Fast Food Marketing
By Tom Dougherty
Fast food marketing: Avoid inside-out thinking
This is going to sound like a slam on White Castle, but it’s not. It’s just that the fast food chain is promoting an element that’s representative of what ails most fast food marketing. Most of it looks inside-out.
Rather than outside-in.
Let me explain. White Castle, actually one of the better fast food brands, offers a Crave Clutch delivery package with meals that are “the perfect choice for family meals and gatherings.” The brand leverages a dubious fact, saying it invented carry out when it toyed with the idea in the 1930s.
Whether the latter claim is true or not is beside the point. Whether it creates preference is not.
Fast food marketing suffers from an error common to many categories. Everything is about the company or brand. Not about the user, whose emotional identification with fast food brands remains soft.
Fast food chains often try to gain market share by rotating items on their menu. Buying up new locations. Or offering cheaper deals. That just tells target audiences to shop around, without demonstrating any loyalty to a specific brand. It’s all akin to the dilemma craft beers find themselves in, a web story you can view here.
“Fast food marketers, look for the emotion. Not what you offer. Otherwise, you remain spinning in the fast food marketing cycle.”
Fast food marketing should create long-term preference
There are only a few fast food chains with true preference. Chief among them is Chick-fil-A, which has the most sales per location of them all. And yet, what is its key? It’s brand.

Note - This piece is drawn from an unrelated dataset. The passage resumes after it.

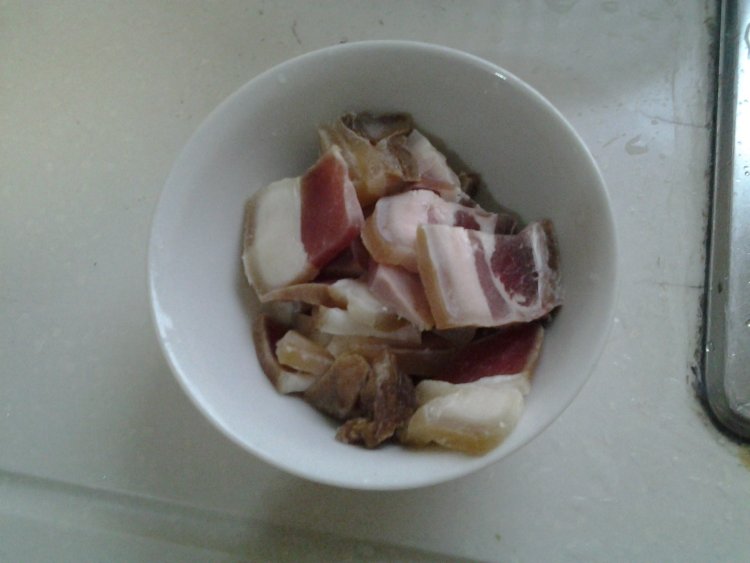 西兰花咸肉片步骤3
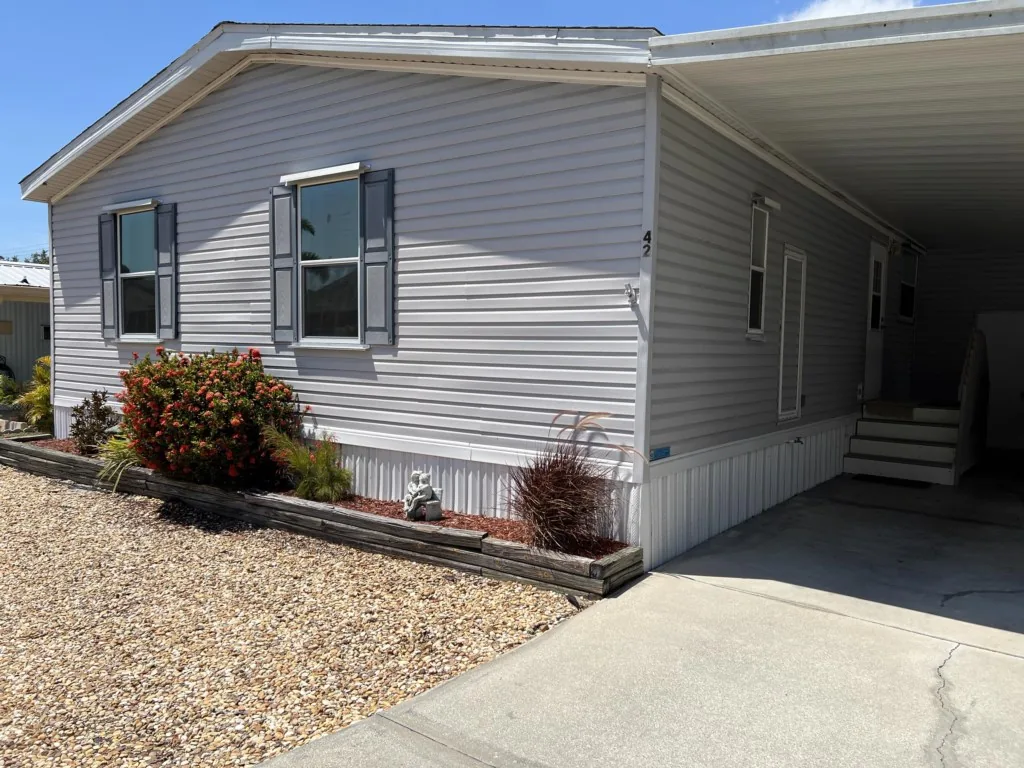 Winter Escape – Voyager 2BR Near Gulf Beaches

Unlike most fast food marketing, Chick-fil-A doesn’t promote cheap deals or keep changing its menu. Its brand actually means something to people. While its current campaign may seem corny to some, it actually features the customer. And fits within the brand promise of warm feelings.
The funny thing is that position isn’t terribly special. But it is in fast food because so few brands claim anything. McDonald’s remains No. 1 because of its many locations, heritage, and brand that says “fun.”
The rest? Who knows? So, instead, they use cliches like “crave” or make claims based on operations from nearly 100 years ago. It’s always what fast food brand X is. Not who fast food brand X’s customer is.
Warm feelings and fun are a bit inside-out too. But they also explain the emotions customers feel when they go into Chick-fil-A or McDonalds.
Fast food marketers, look for emotion. Not what you offer. Otherwise, you remain spinning in the fast food marketing cycle that may increase short-term sales. And do nothing to create long-term preference.